Task details: Please output the data exactly, minus pictures.

=== Provided material ===

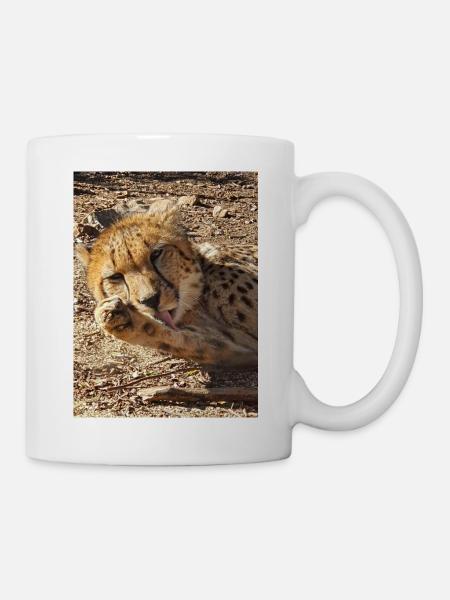 Gepard in seidigem Nap - Tasse - Weiß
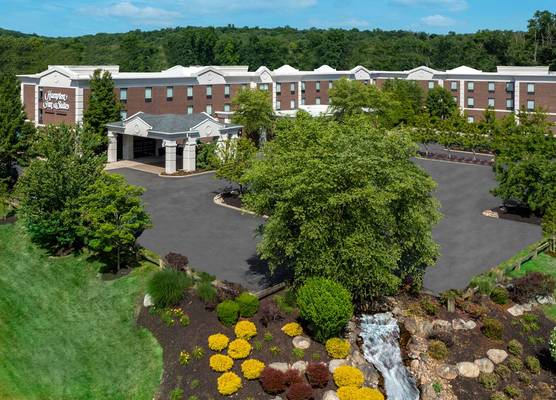 Hampton Inn & Suites Hartford/Farmington 1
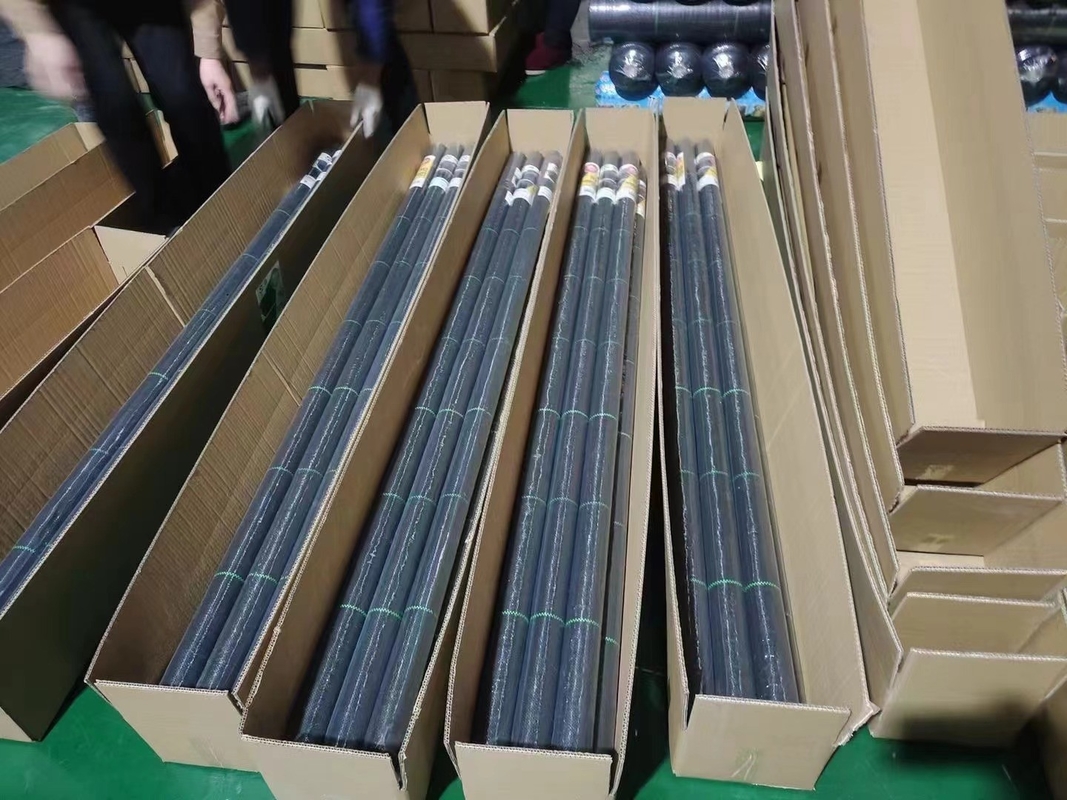 Rollo negro de tejido de tierra de cubierta de control de malezas membrana contra malezas tejido de fábrica de suministro 80GSM 90GSM 100GSM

===

Result for this task:
 Gepard in seidigem Nap - Tasse - Weiß
 Hampton Inn & Suites Hartford/Farmington 1
 Rollo negro de tejido de tierra de cubierta de control de malezas membrana contra malezas tejido de fábrica de suministro 80GSM 90GSM 100GSM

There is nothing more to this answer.